**Exercise directions**. Once you find the line with "Additional image 8" in the data below, transcribe exactly each line from there to the line with "AYUDAS POR FAVOR?", inclusive, and nothing else. Drop the pictures.

**Source records**.
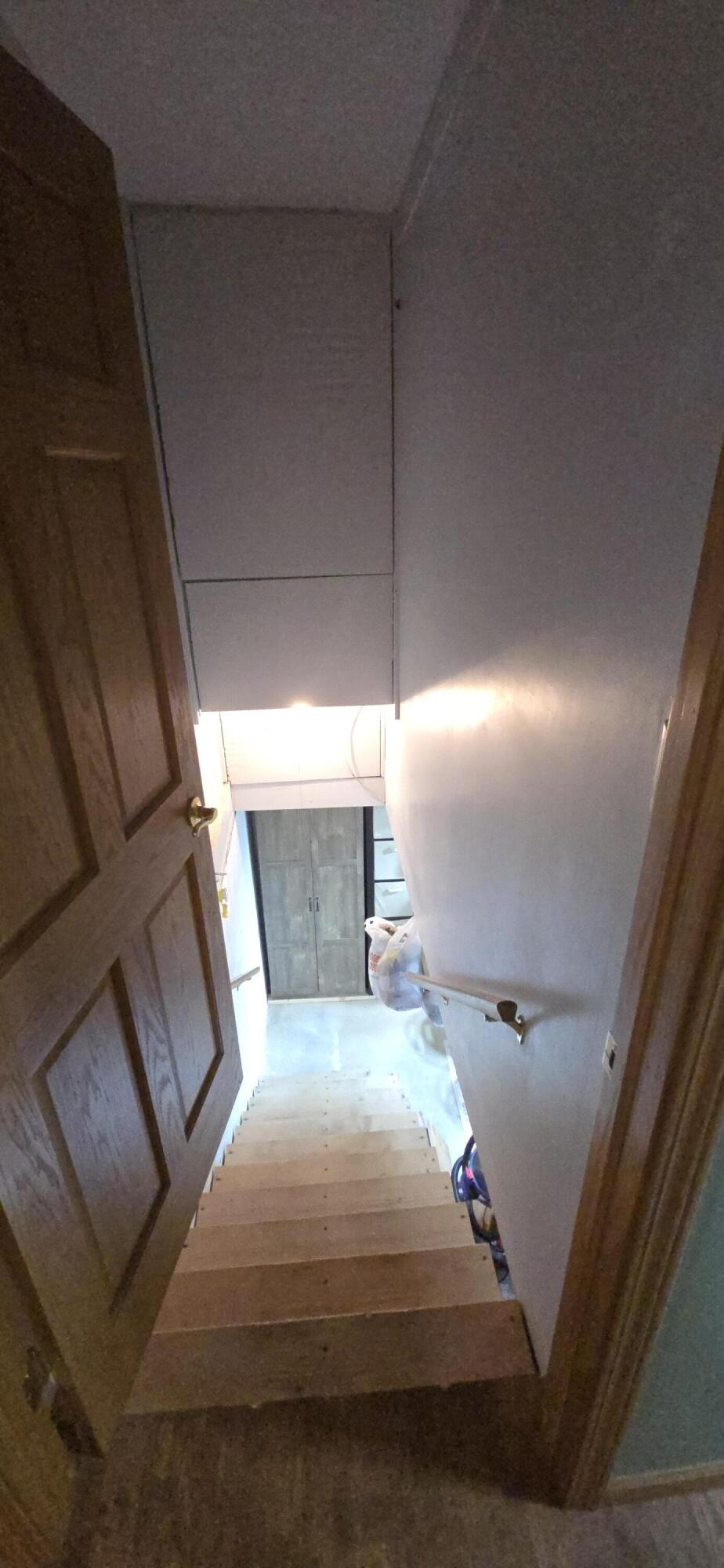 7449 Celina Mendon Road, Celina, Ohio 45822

---

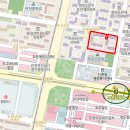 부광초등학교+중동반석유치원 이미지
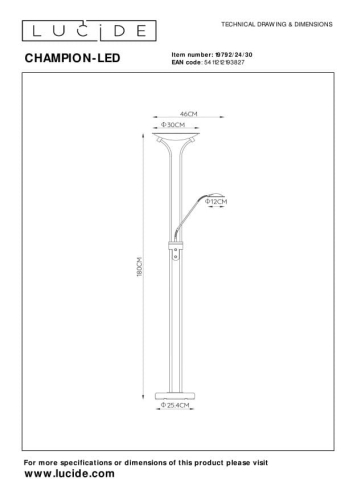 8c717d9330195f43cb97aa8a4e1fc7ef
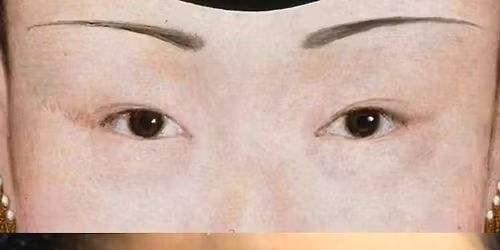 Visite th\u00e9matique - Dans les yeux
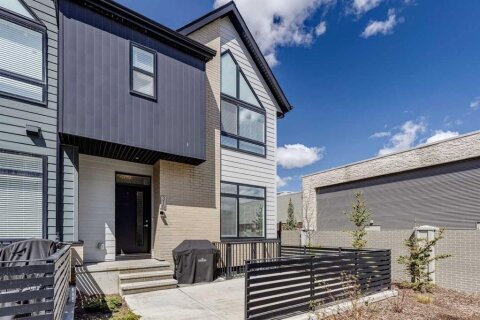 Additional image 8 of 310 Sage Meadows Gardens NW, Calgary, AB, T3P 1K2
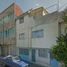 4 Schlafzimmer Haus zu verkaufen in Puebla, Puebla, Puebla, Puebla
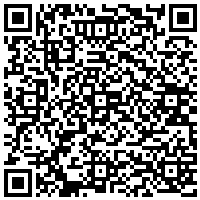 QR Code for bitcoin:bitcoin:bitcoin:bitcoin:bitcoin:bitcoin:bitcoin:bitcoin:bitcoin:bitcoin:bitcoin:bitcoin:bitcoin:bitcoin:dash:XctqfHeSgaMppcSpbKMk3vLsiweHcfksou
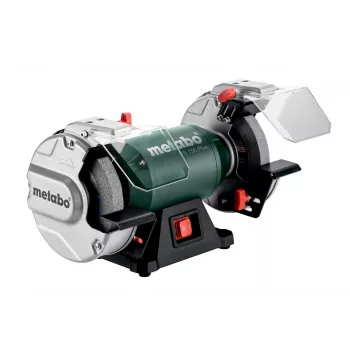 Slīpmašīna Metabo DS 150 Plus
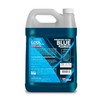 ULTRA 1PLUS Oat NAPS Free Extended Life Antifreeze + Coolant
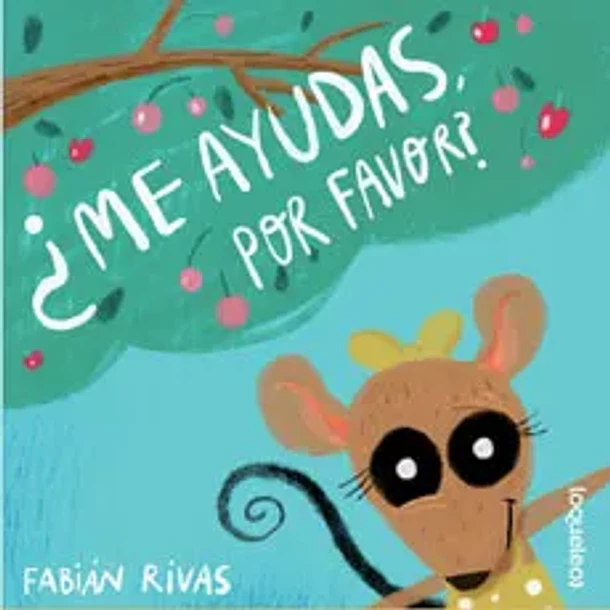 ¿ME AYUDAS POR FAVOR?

**Result**.
 Additional image 8 of 310 Sage Meadows Gardens NW, Calgary, AB, T3P 1K2
 4 Schlafzimmer Haus zu verkaufen in Puebla, Puebla, Puebla, Puebla
 QR Code for bitcoin:bitcoin:bitcoin:bitcoin:bitcoin:bitcoin:bitcoin:bitcoin:bitcoin:bitcoin:bitcoin:bitcoin:bitcoin:bitcoin:dash:XctqfHeSgaMppcSpbKMk3vLsiweHcfksou
 Slīpmašīna Metabo DS 150 Plus
 ULTRA 1PLUS Oat NAPS Free Extended Life Antifreeze + Coolant
 ¿ME AYUDAS POR FAVOR?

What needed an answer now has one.